The project aims to re-evaluate and describe the new cultures of feeling and intimacy that have developed alongside the increasing mediation of human interactions. Responding to the recent lockdown-related debates about the future role of technology for human relations in circumstances when the non-contact status is not an alternative but a default, this project concentrates on technological endeavors around affective programming to provide a comprehensive study of the new forms of loving which came with the new media affordances and the new physical reality that follows the advent of digital technocracy.
2021–2024, Michał Krzykawski (US team leader), CCTS (acting as partner), Networking Ecologically Smart Territories, H2020-MSCA-RISE-2020, under the coordination of professor Noel Fitzpatrick. Academic partners: Technological University Dublin (leader), Institut de recherche et d’innovation Centre Pompidou, Université Paris Lumières, University of Silesia in Katowice (CCTS), Universidad de las Artes de Ecuador and University of California, Berkeley. Non-academic partners: Dublin City Council, Département de la Seine-Saint-Denis (FR), Fabryka Pełna Życia (PL), Phosphène_Disnovation (FR) and Consejo de Gobierno de Galápagos (EC).

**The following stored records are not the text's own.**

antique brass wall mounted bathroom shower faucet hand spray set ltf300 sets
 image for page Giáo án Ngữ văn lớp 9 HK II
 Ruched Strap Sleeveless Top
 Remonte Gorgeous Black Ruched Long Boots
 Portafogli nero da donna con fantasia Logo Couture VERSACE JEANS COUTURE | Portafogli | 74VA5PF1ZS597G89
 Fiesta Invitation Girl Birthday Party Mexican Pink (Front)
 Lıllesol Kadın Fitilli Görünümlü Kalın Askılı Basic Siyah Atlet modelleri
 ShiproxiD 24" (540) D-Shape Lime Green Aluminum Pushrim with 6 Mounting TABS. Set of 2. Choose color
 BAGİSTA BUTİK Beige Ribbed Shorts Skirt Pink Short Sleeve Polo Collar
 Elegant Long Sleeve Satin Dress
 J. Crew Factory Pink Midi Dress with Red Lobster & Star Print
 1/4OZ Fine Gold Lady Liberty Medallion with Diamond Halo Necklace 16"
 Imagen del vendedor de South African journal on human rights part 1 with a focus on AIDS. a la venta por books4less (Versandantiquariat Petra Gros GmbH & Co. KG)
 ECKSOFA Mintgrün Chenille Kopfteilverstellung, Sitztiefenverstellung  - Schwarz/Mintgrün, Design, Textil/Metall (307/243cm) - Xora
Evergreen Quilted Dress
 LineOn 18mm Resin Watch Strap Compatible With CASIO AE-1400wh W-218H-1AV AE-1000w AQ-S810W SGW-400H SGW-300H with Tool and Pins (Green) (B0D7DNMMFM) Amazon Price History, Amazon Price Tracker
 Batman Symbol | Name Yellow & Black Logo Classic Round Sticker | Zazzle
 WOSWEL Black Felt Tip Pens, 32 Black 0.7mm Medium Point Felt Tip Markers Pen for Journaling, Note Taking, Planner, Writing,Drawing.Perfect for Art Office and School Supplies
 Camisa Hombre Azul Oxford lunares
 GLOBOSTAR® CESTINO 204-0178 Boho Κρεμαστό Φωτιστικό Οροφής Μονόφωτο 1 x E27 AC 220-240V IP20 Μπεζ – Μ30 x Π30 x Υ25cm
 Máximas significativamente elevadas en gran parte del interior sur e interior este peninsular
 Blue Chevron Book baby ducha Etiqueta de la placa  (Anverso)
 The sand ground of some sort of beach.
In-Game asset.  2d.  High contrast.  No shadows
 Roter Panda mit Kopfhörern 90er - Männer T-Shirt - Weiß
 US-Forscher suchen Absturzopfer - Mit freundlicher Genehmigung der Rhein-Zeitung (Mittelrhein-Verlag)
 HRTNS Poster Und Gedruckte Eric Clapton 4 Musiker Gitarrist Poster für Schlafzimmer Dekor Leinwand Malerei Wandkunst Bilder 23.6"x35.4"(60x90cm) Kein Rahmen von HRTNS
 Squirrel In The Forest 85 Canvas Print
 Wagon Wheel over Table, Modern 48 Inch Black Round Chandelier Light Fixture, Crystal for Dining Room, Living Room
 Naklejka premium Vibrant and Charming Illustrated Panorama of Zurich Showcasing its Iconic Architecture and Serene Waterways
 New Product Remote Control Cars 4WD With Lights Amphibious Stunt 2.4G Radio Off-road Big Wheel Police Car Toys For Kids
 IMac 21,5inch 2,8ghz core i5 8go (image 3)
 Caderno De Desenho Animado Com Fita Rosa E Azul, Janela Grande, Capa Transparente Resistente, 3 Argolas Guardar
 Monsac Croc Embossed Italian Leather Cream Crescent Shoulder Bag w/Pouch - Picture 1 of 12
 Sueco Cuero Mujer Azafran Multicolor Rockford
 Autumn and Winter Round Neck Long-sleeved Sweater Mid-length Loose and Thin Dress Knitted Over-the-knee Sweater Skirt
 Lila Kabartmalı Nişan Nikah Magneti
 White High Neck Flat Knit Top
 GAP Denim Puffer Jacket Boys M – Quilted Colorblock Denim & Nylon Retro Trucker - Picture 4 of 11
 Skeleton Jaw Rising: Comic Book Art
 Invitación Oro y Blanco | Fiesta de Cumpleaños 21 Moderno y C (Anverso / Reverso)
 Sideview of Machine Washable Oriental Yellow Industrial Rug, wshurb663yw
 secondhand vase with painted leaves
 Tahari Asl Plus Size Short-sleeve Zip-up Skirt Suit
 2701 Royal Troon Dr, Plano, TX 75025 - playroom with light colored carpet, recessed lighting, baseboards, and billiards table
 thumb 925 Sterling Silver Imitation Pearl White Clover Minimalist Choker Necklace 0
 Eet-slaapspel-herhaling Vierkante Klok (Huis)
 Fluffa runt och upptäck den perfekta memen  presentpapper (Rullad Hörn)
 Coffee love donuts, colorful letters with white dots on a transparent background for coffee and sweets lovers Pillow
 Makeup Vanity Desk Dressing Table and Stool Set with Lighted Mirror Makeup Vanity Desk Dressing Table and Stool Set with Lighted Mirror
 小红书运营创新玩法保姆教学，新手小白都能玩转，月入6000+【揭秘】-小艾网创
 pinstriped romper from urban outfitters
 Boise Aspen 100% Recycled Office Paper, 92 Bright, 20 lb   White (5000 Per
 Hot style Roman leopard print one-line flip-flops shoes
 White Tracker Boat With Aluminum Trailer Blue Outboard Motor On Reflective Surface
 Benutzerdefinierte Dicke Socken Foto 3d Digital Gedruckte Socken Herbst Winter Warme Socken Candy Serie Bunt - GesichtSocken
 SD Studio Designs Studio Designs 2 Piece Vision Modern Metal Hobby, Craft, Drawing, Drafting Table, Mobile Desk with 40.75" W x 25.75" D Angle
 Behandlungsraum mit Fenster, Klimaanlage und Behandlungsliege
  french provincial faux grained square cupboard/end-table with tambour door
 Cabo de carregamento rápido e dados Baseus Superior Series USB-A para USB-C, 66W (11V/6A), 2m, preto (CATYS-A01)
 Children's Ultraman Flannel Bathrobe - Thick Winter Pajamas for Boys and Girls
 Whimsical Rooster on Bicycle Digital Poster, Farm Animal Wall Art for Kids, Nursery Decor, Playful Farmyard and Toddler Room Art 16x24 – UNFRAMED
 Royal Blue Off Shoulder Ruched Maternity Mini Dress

The principal aim of Networking Ecologically Smart Territories (NesT) is to test the hypothesis that digital diversification, explored as noodiversification and technodiversification as the conditions of resilience of human societies, holds the key to a reinvention of contemporary, proletarianising, industrial economics. Based on the idea of contributory research and concepts developed by Bernard Stiegler and the Collective Internation, NesT attempts to articulate local territorial situations with international concerns in the context of the Anthropocene.
2020–21. Margret Grebowicz, Residency in Situated Philosophy, Center for Philosophical Technologies, Arizona State University, Phoenix, AZ.
Around the loose and mobile theme “Making Wilderness,” the fellowship supports research in several regions administered by the National Park Service in order to map the complexities of curated–and variously bordered–wilderness spaces. The larger goal is to foster a more comprehensive understanding of American conservation institutions with fraught histories, like the NPS and the National Wilderness Preservation System. The regions in question are the Chihuahuan Desert and the Colorado Plateau.
2020–21. Michał Krzykawski (along with Anne Alombert, Université Catholique de Lille), Pænser une exosomatisation « néguanthropique ».
Realised as an open online seminar, this project aims to foster and popularise concepts developed in Bifurquer. Il n’y a pas d’alternative, edited by Bernard Stiegler and the Collective Internation (Paris, 2020). A special attention is paid to the relationship between entropy and economic process in the context of the Anthropocene and between the exosomatisation (the evolution of artificial organs) and all forms of knowledge (knowledge of how to live, how to do, how to theorize, how to design etc.) in the context of digital disruption.